In keeping with its commitment to raise safety standards across the material handling sector, the British Industrial Truck Association (BITA) – the UK trade association for manufacturers and suppliers of forklift truck and associated components and services – has stressed that companies must fulfil their legal requirements under Thorough Examination throughout the coronavirus outbreak.
David Goss, Technical Manager, BITA said: “The requirement for Thorough Examination (TE) under LOLER (Lifting Operations and Lifting Equipment Regulations 1998) is a statutory requirement and is not diminished by the coronavirus outbreak.
“Examinations must still be carried out by a competent person in accordance with the scheme of inspection (generally every six or 12 months). Equipment which is subject to LOLER for which the TE is overdue must be withdrawn from service until it has been examined by a competent person. Operation of such lifting equipment would be an offence under the LOLER regulation and there is a legal duty to report this.

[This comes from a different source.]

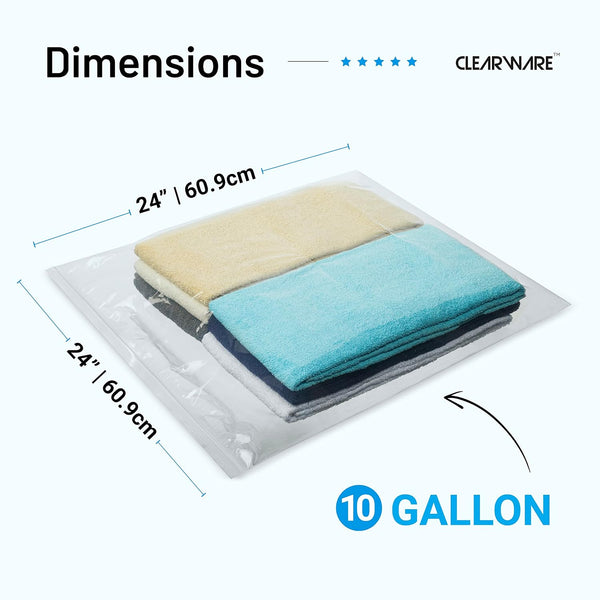 15 Count - Large Storage Bags With Zipper Top, 10 Gallon Size 24" x 24", Extra Large Plastic, For Clothes, Travel, Moving, BPA-Free, Heavy Duty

“In the event that the Government makes changes to these requirements, we will provide updated advice.”
A desire to improve operational safety standards across the material handling industry prompted the sector’s leading trade organisations, BITA and the FLTA to collaborate with the Health & Safety Executive (HSE) on a new initiative — CFTS.
Launched in 2004, CFTS saw the introduction of a safe, national, quality-controlled standard of inspection for forklift trucks – roughly equivalent to the MoT test for cars. It is instantly recognisable by the Thorough Examination mark.

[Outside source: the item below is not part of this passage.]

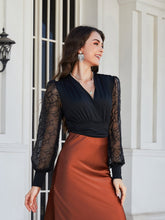 Load image into Gallery viewer, Lantern Sleeve Surplice Neck Blouse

CFTS Thorough Examination is now the recognised benchmark for the industry and its introduction has thoroughly vindicated the aims of both associations to raise standards and make forklifts safer machines for both operators and those working in close contact with them.
The launch of the CFTS Thorough Examination followed a review of the industry to establish how inspections were being conducted. This concluded that a real, properly defined inspection was needed to standardise requirements industry-wide. Whilst Thorough Examination was mandatory, inspectors were seen to have too much leeway in interpreting the requirements of LOLER and PUWER (Provision and Use of Work Equipment Regulations 1998).
Therefore, if a Thorough Examination was required, it needed to be an exhaustive, Thorough Examination covering everything stipulated under both LOLER and PUWER.
Thorough Examination for forklift trucks is roughly equivalent to the MOT for cars – a mandatory check to ensure that the mechanical parts of a forklift are in safe working order.
It is not the same as regular maintenance – it is required whether a truck has just been serviced or not.
The Health and Safety Executive (HSE) defines Thorough Examination as: “Thorough examination of industrial lift trucks is required under health and safety law: LOLER 1998, which covers lifting equipment, and PUWER 1998, which deals with all other safety-related items, such as brakes, steering and tyres. Your regular inspections as part of a preventive maintenance scheme or scheduled service are not a thorough examination.”
BITA has pledged to keep members and stakeholders updated on developments regarding the spread of coronavirus, but in the meantime, it is encouraging everyone to read the latest advice for employers and businesses issued by Public Health England.